[[ INFORMATION SHOWN open ]]

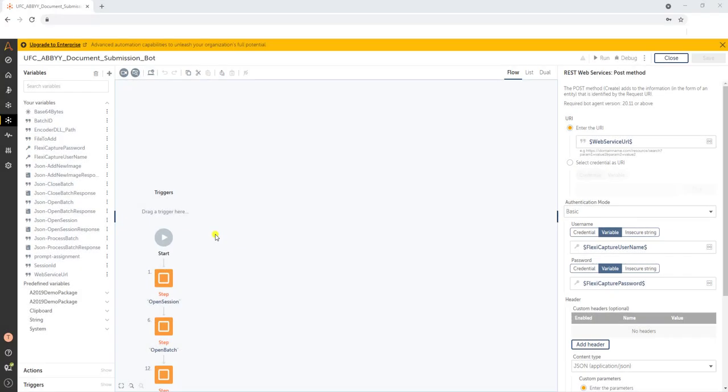Hello, today I'd like to show you a video of how we integrate Automation Anywhere with ABBYY FlexiCapture. The combination of these two tools gives us a really unique advantage in using a best-in-class RPA through Automation Anywhere and a best-in-class OCR technology through ABBYY.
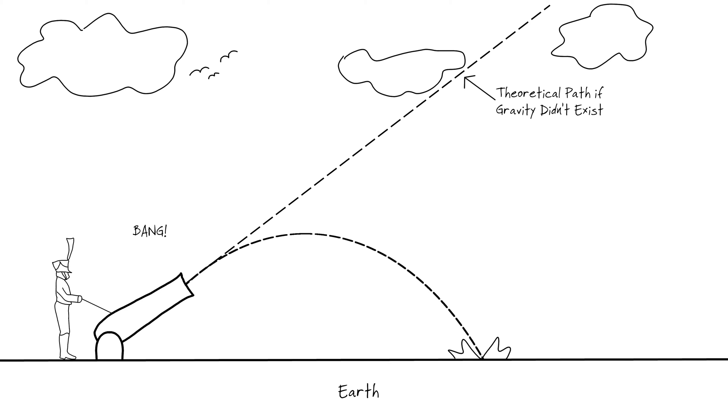As a result, the path of the cannonball will curve, roughly following what appears to be a parabola, a path known as a ballistic trajectory.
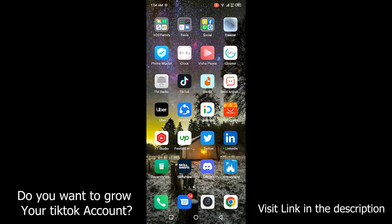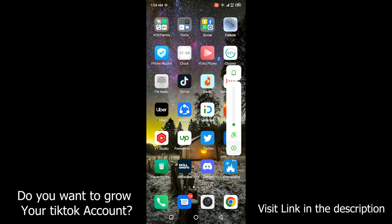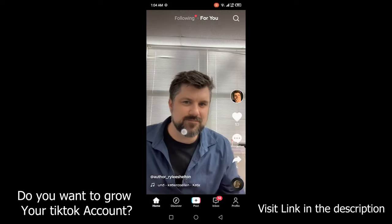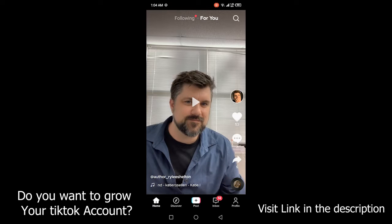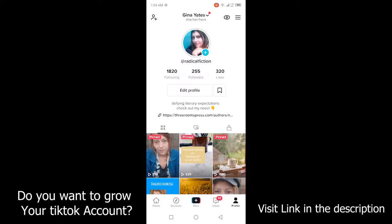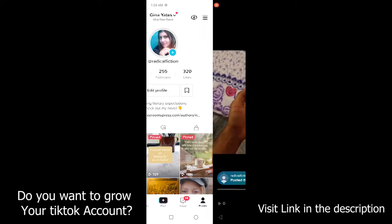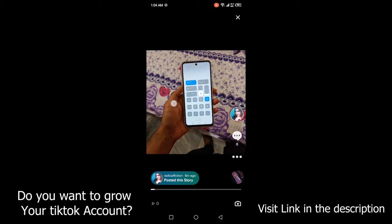First, you need to open the TikTok application. Once you open the TikTok application, click on your profile in the bottom right corner, and then click on your profile picture.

[[ INFORMATION SHOWN closed ]]

_THE TASK:_ Print exactly the line containing "As a result, the" and every line after it through the final line above, and leave all pictures out.

_TASK RESPONSE:_
As a result, the path of the cannonball will curve, roughly following what appears to be a parabola, a path known as a ballistic trajectory.
First, you need to open the TikTok application. Once you open the TikTok application, click on your profile in the bottom right corner, and then click on your profile picture.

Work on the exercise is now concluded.